I asked a member of staff what the difference was as the ingredients / additives were basically the same and I was told that the puppy food had a lot more nutrition in it, especially fat, as puppies need fats but as far as I can see from the packaging there's actually more fat in the adult trays than in the puppy ones......am I missing something?
I was told that there's more nutrition than what's on the label and that they hadn't been on the updated nutrition course but that's what they believed to be true 

Any input would be appreciated, as I know there are a lot of you that are in the know about this sort of stuff!

Thanks
Jo
P.s sorry about the lengthy post!


----------



## Dober (Jan 2, 2012)

What food is your puppy on now and how old is the puppy?

I soak kibble for teething puppies which makes it softer and easy to chew. Just put water in the bowl and leave for 20 minutes before feeding.

I also freeze carrots and rubber kong toys and give them to the pup to chew which is soothing


----------



## mollymo (Oct 31, 2009)

Try soaking the kibble for an hour or longer before feeding to go soft.

Wainwright tray's are a very good food to feed.


----------



## GoldenShadow (Jun 15, 2009)

The packaging should always reflect what is in the product.

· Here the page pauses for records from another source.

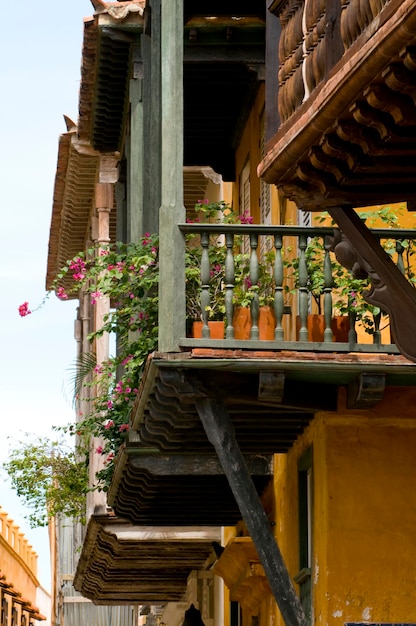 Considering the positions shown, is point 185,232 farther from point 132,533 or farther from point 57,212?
point 57,212

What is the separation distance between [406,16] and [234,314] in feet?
21.0

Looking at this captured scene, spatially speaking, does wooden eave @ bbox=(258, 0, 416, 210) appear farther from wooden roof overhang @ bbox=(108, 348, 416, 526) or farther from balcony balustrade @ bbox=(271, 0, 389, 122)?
wooden roof overhang @ bbox=(108, 348, 416, 526)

This is a big bug bear I have with Wainwrights, I've contacted them many times and not been given what seems like an accurate response. With a dog who has a severe skin condition (AND is pancreatic so I have to watch his fat intake) I would be really concerned if they suggested the packaging info wasn't accurate. I just can't trust the brand as a consumer and use Naturediet or Lukullus wet when I need it.


----------



## rona (Aug 18, 2011)

As far as I can see, unless you have a large breed puppy, the pet food industry have seen an opportunity to add value to their products by a slight of hand (or label)


----------



## joanna1984 (Jun 14, 2010)

Thank you so much for you replies.



Dober said:


> What food is your puppy on now and how old is the puppy?
> 
> I soak kibble for teething puppies which makes it softer and easy to chew. Just put water in the bowl and leave for 20 minutes before feeding.
> 
> I also freeze carrots and rubber kong toys and give them to the pup to chew which is soothing


My little lady is 5 months and she is on Wainwrights Small Breed dry food (adult) and Wainwrights Puppy Tins & Trays.
She has a kong which I freeze for her and I give her frozen carrots which she loves.
I've tried soaking the kibble before feeding her but she won't touch it! I will try it again though becuase shes a right little pig and usually eats anything!



GoldenShadow said:


> The packaging should always reflect what is in the product.
> 
> This is a big bug bear I have with Wainwrights, I've contacted them many times and not been given what seems like an accurate response. With a dog who has a severe skin condition (AND is pancreatic so I have to watch his fat intake) I would be really concerned if they suggested the packaging info wasn't accurate. I just can't trust the brand as a consumer and use Naturediet or Lukullus wet when I need it.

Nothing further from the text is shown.